The Chiphell guy pretty much concurs with everything said so far, 4 dies, 2027 launch, very specifically no AT1.
Oh and also the doubling of CU size.
Can you share links to the specific comments? Couldn't find them.
Edit: Disputed info about cache hierarchy characteristics of NVIDIA and AMD. Don't take this as fact. Skip to #1201 for the quote from the Volta tuning guide.
The L0+LDS merger is long overdue imo.
NVIDIA merged texture and shared cache into L1 with Turing. Maxwell Pascal had unified Texture (really a dcache)/L1 cache + shared memory. Seems the local SRAM stores define what a core is more than actual processing blocks. The NVIDIA SM has been partitioned in four processing blocks with local warp since Maxwell in 2014.

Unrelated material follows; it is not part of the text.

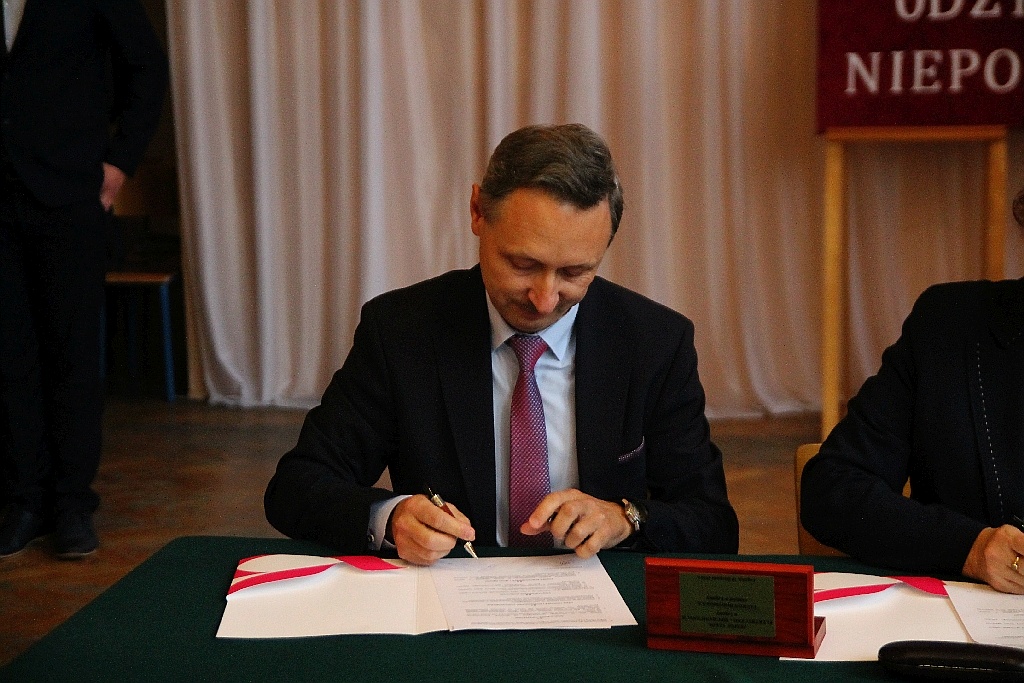 „Energetyk” podpisał z Tauronem umowę o kontynuacji współpracy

RDNA4 CU is also split in two partitions, within a WGP that's four in total. Merging L0 into one would be enough to qualify WGP as a CU, but AMD obviously want a shared LDS+L0 like NVIDIA.
This is simplified and might be misleading. It's not about merging seperate caches it's likely about permitting an underlying combined datacache to be more flexible. Slim chance of flexible cache like Apple M3 but even then the VGPR would stil be partitioned for each SIMD32, but the VGPR size could be variable.

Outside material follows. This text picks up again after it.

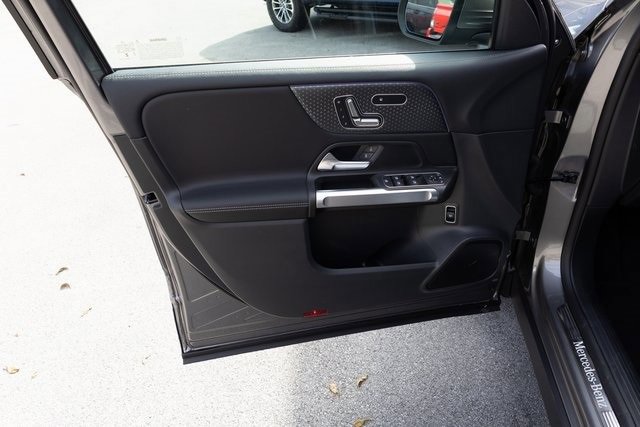 Certified 2025 Mercedes-Benz GLB 250 4MATIC image 14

Unless AMD shrinks the new CU partitions in half (aligning with Turing and later) I just can't see how MLIDs CU numbers would be possible. For reference using Ampere's bogus math AMD has 256 ROCm cores per WGP rn. NVIDIA has 128 CUDA cores per SM.
IDK how RDNA 4's CU partitions work but would think they can either do Wave64 or Wave32 x 2 based on specs (this might be incorrect). If RDNA 5 shrinks partions in half, then maybe AMD might do something insane like Wave32 or Wave16 x 2 to brute force PT and branchy code. Or alternatively if they don't shrink CUs maybe a Wave32 + Wave16 x 2 mode or perhaps a Wave24 x 2 + Wave14 mode. They could get really creative here with a sophisticated warp scheduler coupled with local launcher functionality like in the Kepler patent except even better. Wave32 x 2 - Wave16 x 4 in the big design or Wave32 - Wave16 x 2 in the small design. Big partition design (WGP = CU) has more flexibility here.
This is far fetched speculation so please don't take it too seriously.
What are workgraphs inherently good at? Branchy code so why not align the dispatch mode with this (fewer threads/warp). If AMD fixed the scheduling (would require significant area investment) then this would be extremely beneficial to path tracing and branchy code in general. Perhaps workgraph is good enough in itself and then in addition to SWC AMD could implement clever methods like ray coherency sorting similar to Imagination Technologies' Packet coherency gatherer and this would prevent the instead of relying on a bandaid (thread coherency sorting).
What about the split registers and instruction caches? I
- Ignore this, most likely misleading or false. I couldn't find any accurate info to suggest otherwise
Still wonder what will happen with the instruction and scalar cache. NVIDIA seems to have unified both since they only mention L0-i cache. Same thing for VRF. I did see mentions about NVIDIA going scalar since Tesla G80 and with Turing superscalar. GCN was a scalar and vector hybrid, RDNA4 doesn't change anything here. Essentially NVIDIA is SIMT and AMD is scalar + SIMD. Explains why AMD has to maintain seperate VGPR + SGPR and scalar cache + instruction cache while NVIDIA can just have a L0-i cache + VRF.
As you can clearly see I don't understand the implications of any of this so it's well above my level of comprehension but still thinks it deserves to at least be discussed.
RDNA5 is the biggest architectural change GCN so is there any chance they could theoretically go the NVIDIA route and go scalar instead of vector+scalar hybrid? That would mean no more split VGPR+SGPR and no split instruction and scalar cache right?
But wouldn't it also ruin BWC for consoles and be a huge pain for AMD SW team + CDNA 4 LLVM code still mentions SIMD for GFX12.5.
Can someone please say no to ^
Please don't it's futile